An extremely simple example is the ontology for human families - in this case nodes represent the unique invididuals in the family and the relations would be their familial relations (“son of”, “grandfather to”, “first cousin of”, and so forth). Often the nodes in a knowledge graph are referred to as “entities” and the edges are referred to as “relations”. For more information on ontologies and knowledge graphs, see this blog post. There is no clear, intuitive way to feed such an ontology graph into a neural network (although, while trying, you could relish in the fact that you are trying to feed a graph into a graph…).

On first thought, something like an adjacency matrix might come to mind as a way to do this. After all, adjacency matrices are an important structure used for more advanced analysis of graphs, including in spectral graph theory. This is indeed a subject of much study in the field of Graph Convolution Networks (GCNs)! In short, GCNs create embeddings by passing the adjacency matrix for a graph through a series of dense layers in a network, finally outputting an $NxM$ matrix, giving a size $M$ embedding to $N$ nodes in the graph. However, to define the adjacency matrix you need to have knowledge of the entire graph and all its edges, and if the graph changes (nodes are added, for instance), you have to recreate this adjacency matrix. Additionally, adjacency matrices do not lend themselves to unknown or undefined relations (or relations which might be inferred from other relations), which are common in many knowledge bases and ontologies.

A different approach is Knowledge Graph Embeddings (KGEs). One of the seminal papers in the field introduced the concept of neural tensor networks (NTNs). NTNs present a way to generate an embedding for each node in a graph based off of its relation to other nodes in the graph, but without using the adjacency matrix. Most papers treating knowledge graphs seem to have been inspired by this approach, so it is worth summarizing the key points.

NTNs, and later approaches to KGEs tend to treat a knowledge graph as a set of triplets of the following form:

\[<e_i, r_k, e_j>\]

Where $e_i$ and $e_j$ are entities in the graph, and $r_k$ is some relation. Often, the entities themselves are represented by some embedding, i.e. $e_i \in R^v$ where $v$ is the size of the embedding, and $r_k$ is a “matrix-embedding” - $r_k \in R^{q \times z}$.

It then defines a function on these triplets which outputs a score in $[0,1]$ or sometimes $[-1,1]$:

\[f(e_i, r_k, e_j) \mapsto [-1, 1]\]

Which represents the “score” for the existence of relation $r$ between $e_i$ and $e_j$. In other words training is performed by stochastic sampling of such triplets from the graph, and performing back-propagation over the embeddings for the entities and for the relation. This encourages the embeddings to capture inherent information about the structure of the network simply by entities co-occuring with a certain relation during this stochastic sampling during training of the network.

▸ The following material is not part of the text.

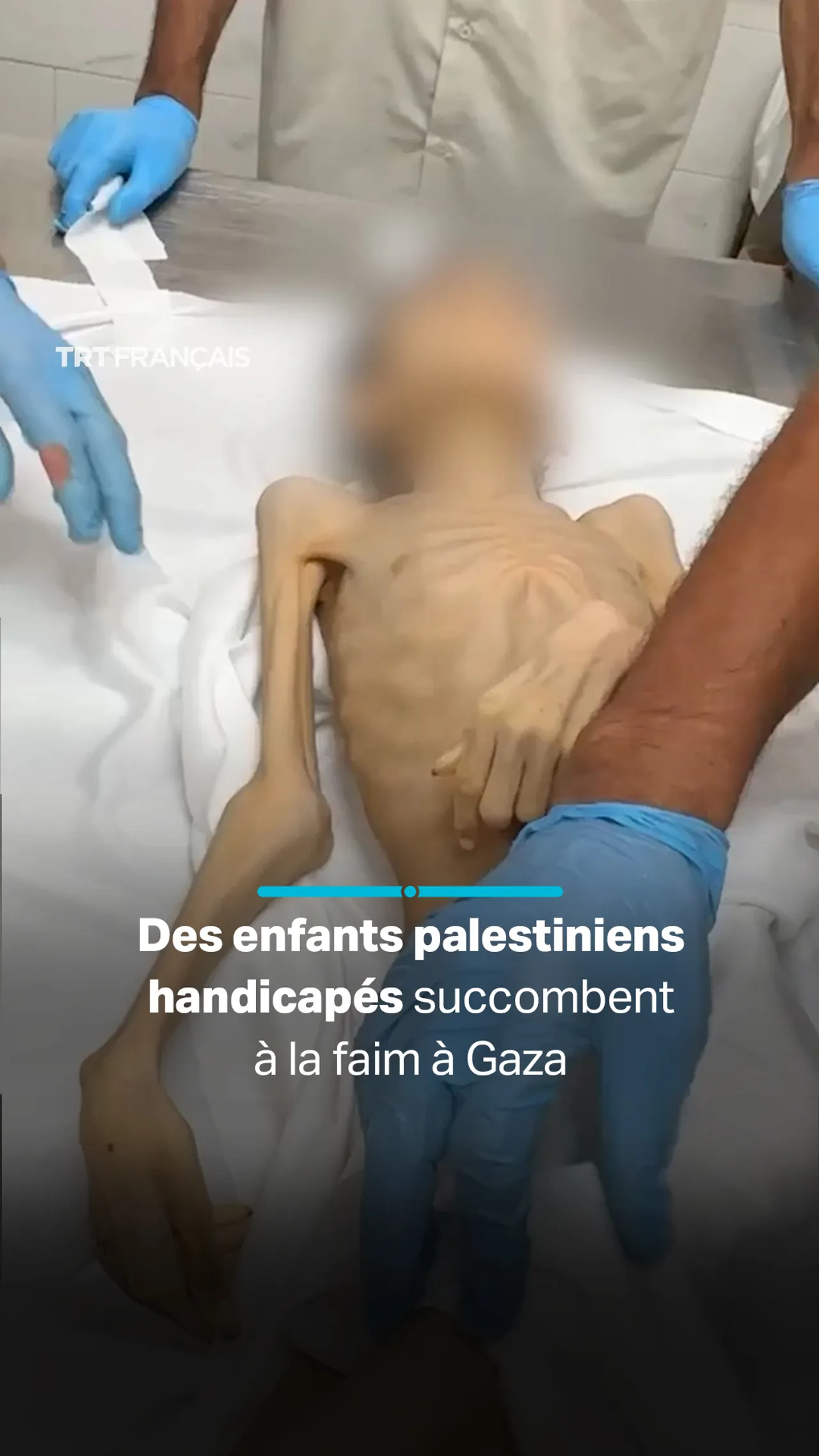 Deux enfants meurent de malnutrition à Gaza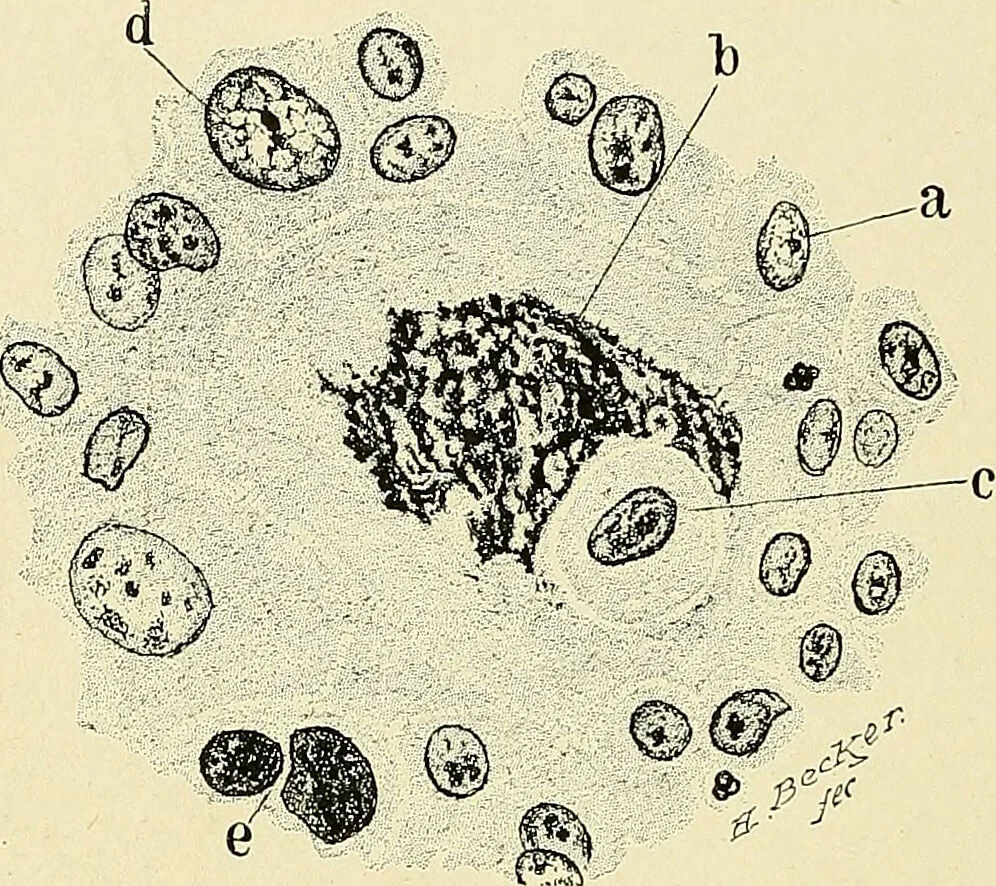 An illustration from Cancer of the uterus : its pathology, symptomatology, diagnosis, and treatment : also the pathology of diseases of the endometrium / by Thomas Stephen Cullen ; with eleven lithographic plates and over three hundred coloured and black illustrations in the text by May Brödel and Hermann Becker., 1900, leaf 128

At this point, we have trained embeddings for all the entities, and the network can be used for a task called “knowledge graph completion”. This is the most common application of KGEs currently, and it involves inferring relations between existing entities in the graph that are not already defined as relations. Re-using our previous example - if A is the “son of” B, and B is the “son of” C, we’d want our network to infer a relationship of the type “grandfather to” between C and A, if this edge already does not exist.

However, having an embedding of the entities in a KG is inherently useful a number of other tasks. An interesting paper by Pezeshkpour et al. applies KGEs to other multi-modal forms of data external to the knowledge graph. They take pictures, descriptions and other multi-modal data and apply the same technique to “map this” into the knowledge graph. For these non-graph entities, they apply various encoders (convolutions over images, LSTMs over textual descriptions, etc.) to produce an embedding for that entitiy which they then feed into a scoring function as above. Such an approach allows maintaining an internal knowledge graph representation of your ontology and having a robust way to embed external data onto this knowledge graph.